Another very brief moment of inward scanning. ‘I can see how it might lead to distrust, since contract-bidding situations are susceptible to rigging, dishonest cost-projections, and things like that.’

‘You’re a very literal person, did you know that?’

‘…’

‘Here’s the literal thing, then,’ Meredith Rand says. ‘Say you’re pretty, and there’s things about being pretty that you like — you get treated special, and people pay attention to you and talk about you, and if you walk in someplace you can almost feel the room change, and you like it.’

‘It’s a form of power,’ Drinion says.

‘But at the same time you also have less power,’ Meredith Rand says, ‘because the power you have is all totally connected to prettiness, and at some point you realize that the prettiness is like a kind of box you’re always in, or prison, that nobody’s ever going to see you or think about you apart from the prettiness.’

‘…’

‘It’s not like I even thought I was all that pretty,’ Meredith Rand says. ‘Especially in high school.’ She’s rolling a cigarette back and forth between her fingers but not lighting it. ‘But I sure knew everybody else thought I was pretty. Ever since like twelve, people were saying how lovely and beautiful I was, and in high school I was one of the foxes, and everybody knew who they were, and it became sort of official, socially: I was pretty, I was desirable, I had the power. Do you get this?’

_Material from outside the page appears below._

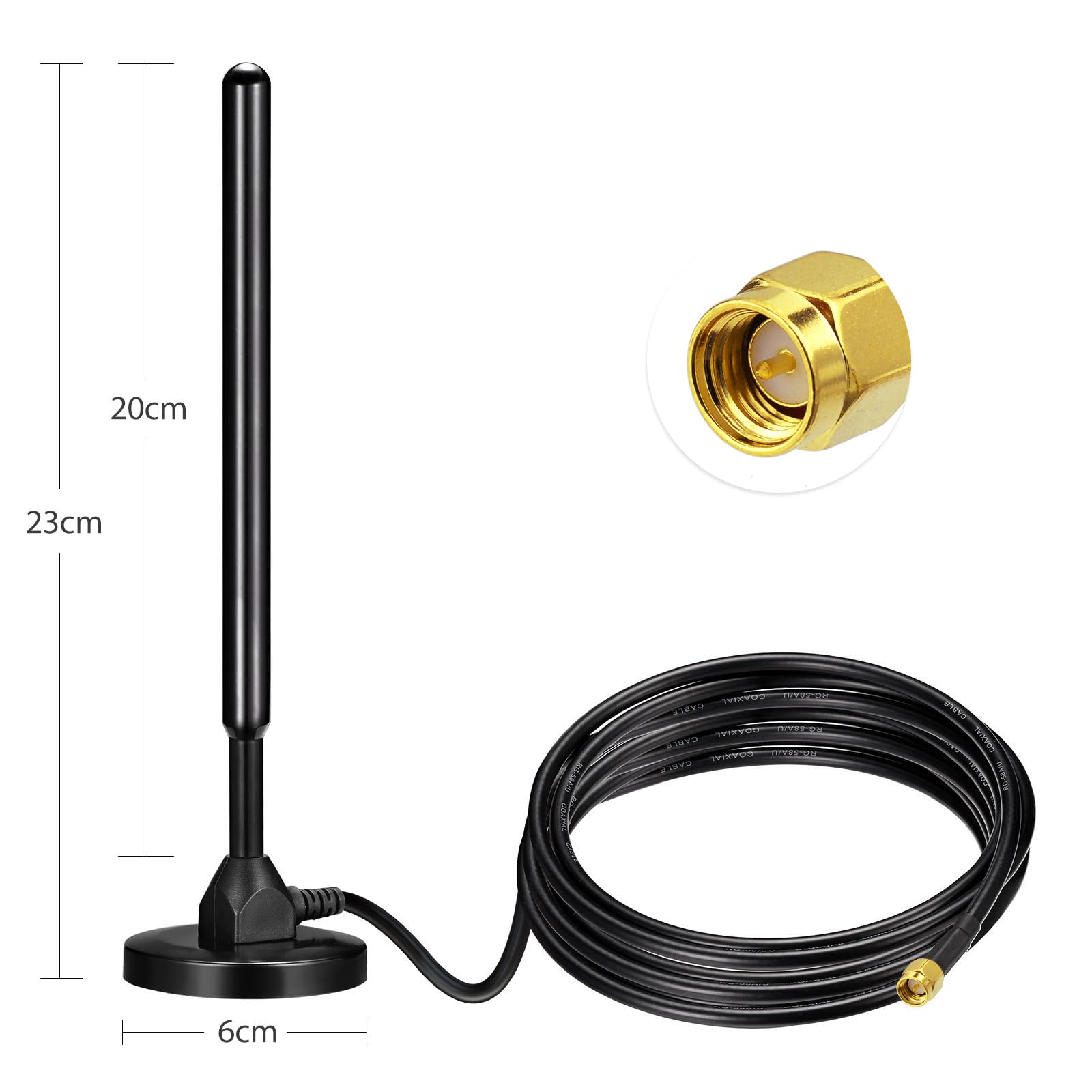 Bingfu 4G LTE Cellular MIMO Magnetic Base SMA 3dBi Antenna Compatible with 4G LTE Wireless CPE Router Cellular Gateway Industrial IoT Router Modem Trail Game Cam Cell Phone Security Camera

‘I think so,’ Shane Drinion says.

‘Because this is what intense meant — he and I really talked about it, the prettiness. It was the first time I ever really talked about it with anybody. Especially a guy. I mean except for “You’re so beautiful, I love you” and trying to put their tongue in your ear. Like that was all you needed to hear, that you were beautiful, and you were supposed to fall over and let them boff you.’

‘…’

‘If you’re pretty,’ Meredith Rand says, ‘it can be hard to respect guys.’

‘I can understand that,’ Drinion says.

‘Because you never even get to see what they might really be like. Because the minute you’re around, they change; if they’ve decided you’re beautiful, they change. It’s like the thing in physics — if you’re there to look at the experiment, it supposedly messes up the results.’

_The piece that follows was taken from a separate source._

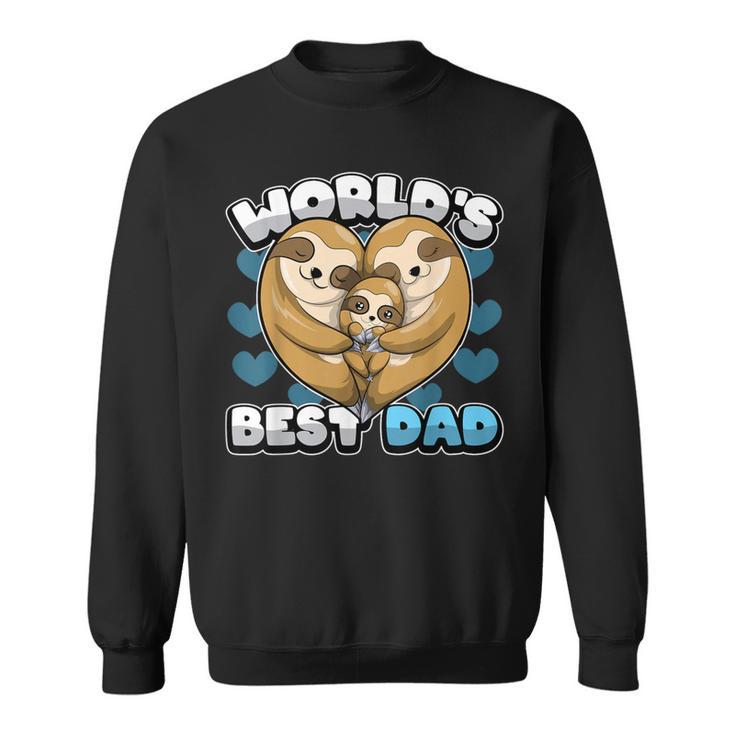 Herrenatertag World's Best Dad Niedlicher Faultier Papa Herz Familie Sweatshirt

‘There’s a paradox involved in it,’ Drinion says.

‘And except for a while you like it. You like the attention. Even if they change, you know it’s you making them change. You’re attractive, they’re attracted to you.’

‘Hence the tongues in the ear.’

‘Although with a lot of them it turns out it’s got the opposite effect. They almost avoid you. They get scared or nervous — it makes them want something, and they’re embarrassed or scared of wanting it — they can’t talk to you or even look at you, or else they start putting on a little show like Second-Knuckle Bob, this flirty sexist thing where they think they’re doing it to impress you but really it’s to impress other boys, to show they’re not afraid. And you haven’t even done or said anything to start it; all you have to do is just be there, and everybody changes. Presto change-o.’